Personally, I've never understood why they can't just conduct the lottery on live TV, instead of doing it behind closed doors with some financial guy as a witness. That's not evidence that it's rigged, certainly, but it invites the speculation.
He's really just doing what most of us would do when asked the same question for the millionth time and you're tired of giving the same answer. Makes it easier when the asker is a guy like Rome.
OK, but he could avoid hearing the question if he'd let the actual lotto drawing take place on live TV, instead of doing it behind closed doors and then announcing the results afterward.
All he needs to do to make the belief it is fixed go away if do the drawing on live TV in front of all the teams' representatives and audience. I will always believe it is fixed until the NBA decides to do that. Look at the Cavs last year. They were GIVEN the first and fourth pick after Dan Gilbert bitched about tampering with Lebron. Stern didn't want a lawsuit, so he gave the Cavs the first and fourth picks.
I agree with your point but the Cavs received the No.1 pick from the Mo Williams trade.
OK, but he could avoid hearing the question if he'd let the actual lotto drawing take place on live TV,
No he couldn't. You can see video anywhere you like of the very first draft lottery in 1985 and that's the one that caused people to say it was rigged in the first place. People will believe it's rigged because they want to, the same way people believe in aliens or a CIA conspiracy to assassinate Kennedy.
a newsletter I could subscribe to?
landed on the Moon either
No he couldn't. You can see video anywhere you like of the very first draft lottery in 1985 and that's the one that caused people to say it was rigged in the first place.
True, but that's partly because the way the NBA did it that year was pretty amateurish, with Stern grabbing an envelope out of a bowl. People have speculated that the NY envelope was weighted or had its corner deliberately bent.
The league claims to be doing it in a much more sophisticated way now, with ping-pong balls being drawn automatically out of a hopper, like a real lottery. I don't think it'd look too suspicious if they aired the drawing now.
That the envelope was refrigerated, so it felt cold and different?
And I don't think they're doing the ping pong balls anymore. It's weighted differently now. But if they did it like the lottery, on tv, with labeled ping pong balls, it would probably help a little. Though we might need them to count them first to convince everyone. Like a magic act...."Excuse me, Elgin Baylor, does this feel like a normal ping pong ball to you?"
I'm not a big conspiratorial person, but I will say that when some of the NBA's own executives are apparently whispering that there might have been foul play, it may be time for more transparency.
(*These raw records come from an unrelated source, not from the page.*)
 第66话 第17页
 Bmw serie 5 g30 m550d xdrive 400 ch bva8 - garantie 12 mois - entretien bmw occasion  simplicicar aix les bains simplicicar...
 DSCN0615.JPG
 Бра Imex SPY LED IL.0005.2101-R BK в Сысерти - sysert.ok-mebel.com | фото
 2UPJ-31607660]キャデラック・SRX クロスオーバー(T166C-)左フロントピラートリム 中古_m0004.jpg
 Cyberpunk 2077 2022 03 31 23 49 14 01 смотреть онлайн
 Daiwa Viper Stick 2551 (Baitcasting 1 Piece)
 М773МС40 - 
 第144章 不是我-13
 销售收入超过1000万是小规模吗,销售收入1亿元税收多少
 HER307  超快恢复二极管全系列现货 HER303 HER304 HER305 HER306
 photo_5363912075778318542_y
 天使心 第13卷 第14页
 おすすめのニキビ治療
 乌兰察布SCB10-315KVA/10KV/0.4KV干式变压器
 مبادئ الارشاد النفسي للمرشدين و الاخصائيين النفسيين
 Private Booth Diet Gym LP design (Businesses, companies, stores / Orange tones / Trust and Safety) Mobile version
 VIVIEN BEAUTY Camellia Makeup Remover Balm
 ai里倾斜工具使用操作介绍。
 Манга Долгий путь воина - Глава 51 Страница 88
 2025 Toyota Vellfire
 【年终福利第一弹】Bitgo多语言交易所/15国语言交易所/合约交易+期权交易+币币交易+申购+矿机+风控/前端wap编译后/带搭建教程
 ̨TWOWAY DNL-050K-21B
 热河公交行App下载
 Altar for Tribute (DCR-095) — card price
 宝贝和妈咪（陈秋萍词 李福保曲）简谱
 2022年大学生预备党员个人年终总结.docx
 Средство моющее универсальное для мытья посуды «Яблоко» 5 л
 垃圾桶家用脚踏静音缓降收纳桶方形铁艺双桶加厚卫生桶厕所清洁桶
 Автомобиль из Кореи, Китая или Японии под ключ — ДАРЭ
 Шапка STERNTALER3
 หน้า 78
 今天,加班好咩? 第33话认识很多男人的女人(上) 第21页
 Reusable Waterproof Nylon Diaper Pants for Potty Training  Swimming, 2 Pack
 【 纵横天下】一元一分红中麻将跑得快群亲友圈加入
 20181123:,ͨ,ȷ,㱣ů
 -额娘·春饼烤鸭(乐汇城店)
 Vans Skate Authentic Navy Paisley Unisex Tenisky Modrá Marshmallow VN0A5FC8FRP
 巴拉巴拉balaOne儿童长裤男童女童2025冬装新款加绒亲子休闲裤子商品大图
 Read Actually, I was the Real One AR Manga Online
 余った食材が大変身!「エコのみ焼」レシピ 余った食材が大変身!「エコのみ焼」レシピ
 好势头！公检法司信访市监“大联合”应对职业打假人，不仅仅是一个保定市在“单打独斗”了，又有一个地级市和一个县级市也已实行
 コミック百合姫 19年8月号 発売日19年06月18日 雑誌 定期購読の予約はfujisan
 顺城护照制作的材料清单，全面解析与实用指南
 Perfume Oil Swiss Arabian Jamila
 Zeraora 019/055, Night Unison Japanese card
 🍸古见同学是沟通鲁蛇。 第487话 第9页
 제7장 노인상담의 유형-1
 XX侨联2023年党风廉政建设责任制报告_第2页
This article is a little disturbing to read:
http://sports.yahoo.com/news/nba--nba-s-problematic-ownership-of-hornet…
I know what the question was, my post was in response to the thread title.
The question was absolute garbage for 2 reasons:
1. Conspiracy theories are so boring. Really? NBA Lottery fixed, aliens are reading our minds unless we wear tinfoil hats, 9/11 was an inside job, blah blah blah. Bored.
2. Lets say, hypothetically, in the .0001% chance it is fixed, why bother asking david stern of all people? Of course he would lie about it. He's asking a question that has 1 answer -- "no" -- regardless of the truth. What's Stern going to do, respond with something like "Wow, yeah, it was fixed. You caught us. Guess i should resign in disgrace and get sued by literally anybody with a remote stake in the NBA or paid for a viewing experience of a fixed league."
Can't fault the commish for thinking it was a dumb question and I think its a dumb question whether you think the draft is fixed or not.
I agree with all that. I just don't agree that the question boxed him into a corner, as you suggested above. He could have said "No" and left it at that.
Then he cant say "no" without problems.
I would not be surprised if it was rigged. Who says it has to be random? The NBA is a private league that can hide this type of thing. It is none of our business if it is rigged or not.
As Michigan Family, we should know that DB leaves nothing to chance. Everything is scripted. Why does anyone think the NBA Lottery is random?
If it's true, then Stern shouldn't have the job he holds. I certainly disagree with the idea that it's "none of our business" if it's rigged.
People pay a lot of money to attend NBA games, with the expectation that the competition is fair and honest. If that were to turn out to be false, it'd be a huge scandal and cripple the NBA's business. Just look at how defensive the league got over the Donaghy allegations of crooked refereeing.
If you listened to Jim for the remainder of his show, you would have heard him say something like, "I don't think it is fixed and gave the commissioner the perfect opportunity to tell the nation WHY it isn't fixed, but he just tried to bully and insult me."
Rome pushed, like he always does. Does Chris Everett ring a bell?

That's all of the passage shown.